C’eſt dans cette mauvaiſe rade, la ſeule proprement qui ſoit dans le golfe, qu’arrivent les objets deſtinés pour l’approviſionnement du Mexique. Les navires qui les y portent n’abordent pas ſucceſſivement. On les expédie de Cadix, en flotte, tous les deux, trois ou quatre ans, ſelon les beſoins & les circonſtances. Ce ſont communément douze à quatorze gros bâtimens marchands, eſcortés par deux vaiſſeaux de ligne, ou par un grand nombre ſi la tranquilité publique eſt troublée ou menacée. Pour prévenir les dangers que les ouragans leur feroient courir à l’atterrage, ils partent d’Eſpagne dans les mois de février ou de mai & de juin, prennent dans leur marche des rafraîchiſſemens à Porto-Rico, & arrivent, après ſoixante-dix ou quatre-vingts jours de navigation, à Vera-Crux, d’où leur chargement entier eſt porté à dos de mulet à Xalapa.

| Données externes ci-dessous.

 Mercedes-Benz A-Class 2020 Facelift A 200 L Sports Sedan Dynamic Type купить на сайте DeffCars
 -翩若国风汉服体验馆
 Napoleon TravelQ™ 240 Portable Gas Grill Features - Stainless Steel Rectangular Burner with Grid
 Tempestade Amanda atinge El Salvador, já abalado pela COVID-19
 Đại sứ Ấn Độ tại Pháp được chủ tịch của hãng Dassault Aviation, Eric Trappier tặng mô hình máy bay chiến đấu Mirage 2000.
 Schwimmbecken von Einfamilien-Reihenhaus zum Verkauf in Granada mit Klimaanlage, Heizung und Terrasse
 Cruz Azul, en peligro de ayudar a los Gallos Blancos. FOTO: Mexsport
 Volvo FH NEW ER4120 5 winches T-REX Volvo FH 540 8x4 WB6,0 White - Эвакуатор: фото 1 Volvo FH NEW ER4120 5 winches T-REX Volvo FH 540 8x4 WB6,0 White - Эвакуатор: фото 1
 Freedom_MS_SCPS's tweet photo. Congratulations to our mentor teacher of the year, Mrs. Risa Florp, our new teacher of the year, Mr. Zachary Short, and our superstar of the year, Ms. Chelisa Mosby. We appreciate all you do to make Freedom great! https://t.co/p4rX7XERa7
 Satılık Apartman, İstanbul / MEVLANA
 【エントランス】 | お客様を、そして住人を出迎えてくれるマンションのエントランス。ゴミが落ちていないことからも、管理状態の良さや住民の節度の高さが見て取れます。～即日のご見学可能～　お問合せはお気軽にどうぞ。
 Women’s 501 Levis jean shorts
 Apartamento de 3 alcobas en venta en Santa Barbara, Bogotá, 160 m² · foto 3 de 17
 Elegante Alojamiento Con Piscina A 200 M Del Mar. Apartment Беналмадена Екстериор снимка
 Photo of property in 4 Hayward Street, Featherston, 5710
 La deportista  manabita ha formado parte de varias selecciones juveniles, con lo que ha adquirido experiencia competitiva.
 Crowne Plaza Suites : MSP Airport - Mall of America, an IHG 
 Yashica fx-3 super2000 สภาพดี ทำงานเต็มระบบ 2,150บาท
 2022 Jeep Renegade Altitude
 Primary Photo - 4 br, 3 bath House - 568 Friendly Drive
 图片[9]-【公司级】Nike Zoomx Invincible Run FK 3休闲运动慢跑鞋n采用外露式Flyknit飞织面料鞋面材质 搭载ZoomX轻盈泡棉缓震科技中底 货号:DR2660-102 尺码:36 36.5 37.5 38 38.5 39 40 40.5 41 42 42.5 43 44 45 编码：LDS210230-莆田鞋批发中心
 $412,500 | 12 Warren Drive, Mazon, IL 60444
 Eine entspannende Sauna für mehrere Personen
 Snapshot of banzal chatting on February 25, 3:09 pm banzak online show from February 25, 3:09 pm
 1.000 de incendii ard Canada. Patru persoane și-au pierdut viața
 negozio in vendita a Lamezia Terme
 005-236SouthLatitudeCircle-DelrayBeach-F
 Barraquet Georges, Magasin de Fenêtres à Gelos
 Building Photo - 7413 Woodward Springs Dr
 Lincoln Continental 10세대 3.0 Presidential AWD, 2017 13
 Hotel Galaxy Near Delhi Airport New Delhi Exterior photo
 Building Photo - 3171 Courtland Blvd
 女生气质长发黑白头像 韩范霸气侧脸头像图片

Dans cette ville, ſituée à douze lieues du port, adoſſée à une montagne, & commodément bâtie, ſe tient une foire que les anciens réglemens bornoient à ſix ſemaines, mais qui actuellement dure quatre mois, & que quelquefois on prolonge encore, à la prière des marchands Eſpagnols ou Mexicains. Lorſque les opérations de commerce ſont terminées, les métaux & les autres objets donnés par le Mexique en échange des productions & des marchandiſes de l’Europe, ſont envoyés à Vera-Crux, où ils ſont embarqués pour notre hémiſphère. Les ſaiſons pour les faire partir ne ſont pas toutes également favorables. Il ſeroit dangereux de mettre à la voile dans les mois d’août & de ſeptembre, & impoſſible de le faire en octobre & en novembre.

La flotte prend toujours la route de la Havane, où elle eſt jointe par les bâtimens qui reviennent de Honduras, de Carthagène, d’autres deſtinations. Elle s’y arrête dix ou douze jours pour renouveler ſes vivres, pour donner aux navires le tems de charger à fret les ſucres, les tabacs, les autres objets que fournit l’iſle de Cuba. Le canal de Bahama eſt débouqué. On remonte juſqu’à la hauteur de la Nouvelle-Angleterre ; & après avoir navigué long-tems par cette latitude de quarante degrés, on tire enfin vers le Sud-Eſt pour reconnoître le cap Saint-Vincent & aboutir à Cadix.

Dans l’intervalle d’une flotte à l’autre, la cour de Madrid fait partir un ou deux vaiſſeaux de guerre qu’on appelle azogues, pour porter au Mexique le vif-argent néceſſaire à l’exploitation des mines. Le Pérou le fourniſſoit originairement : mais les envois étoient ſi lents, ſi incertains, ſi ſouvent accompagnés de fraude, qu’en 1734, il fut jugé plus convenable de les faire d’Europe même. Les mines de Guadalcanal en fournirent d’abord les moyens. On les a depuis négligées pour les mines plus abondantes d’Almaden en Eſtramadoure. Les azogues ſe chargent à leur retour du produis des ventes faites depuis le départ de la flotte, des ſommes rentrées pour les crédits accordés, & des fonds que les négocians Mexicains veulent employer pour leur compte dans l’expédition prochaine. Le gouvernement permet habituellement que trois ou quatre navires marchands ſuivent les vaiſſeaux. Leur cargaiſon entière devroit être en fruits ou en boiſſons : mais il s’y gliſſe frauduleuſement des objets plus importans. Ces bâtimens reviennent toujours ſur leur leſt, à moins que par une faveur ſpéciale, on ne leur permette de prendre quelque cochenille.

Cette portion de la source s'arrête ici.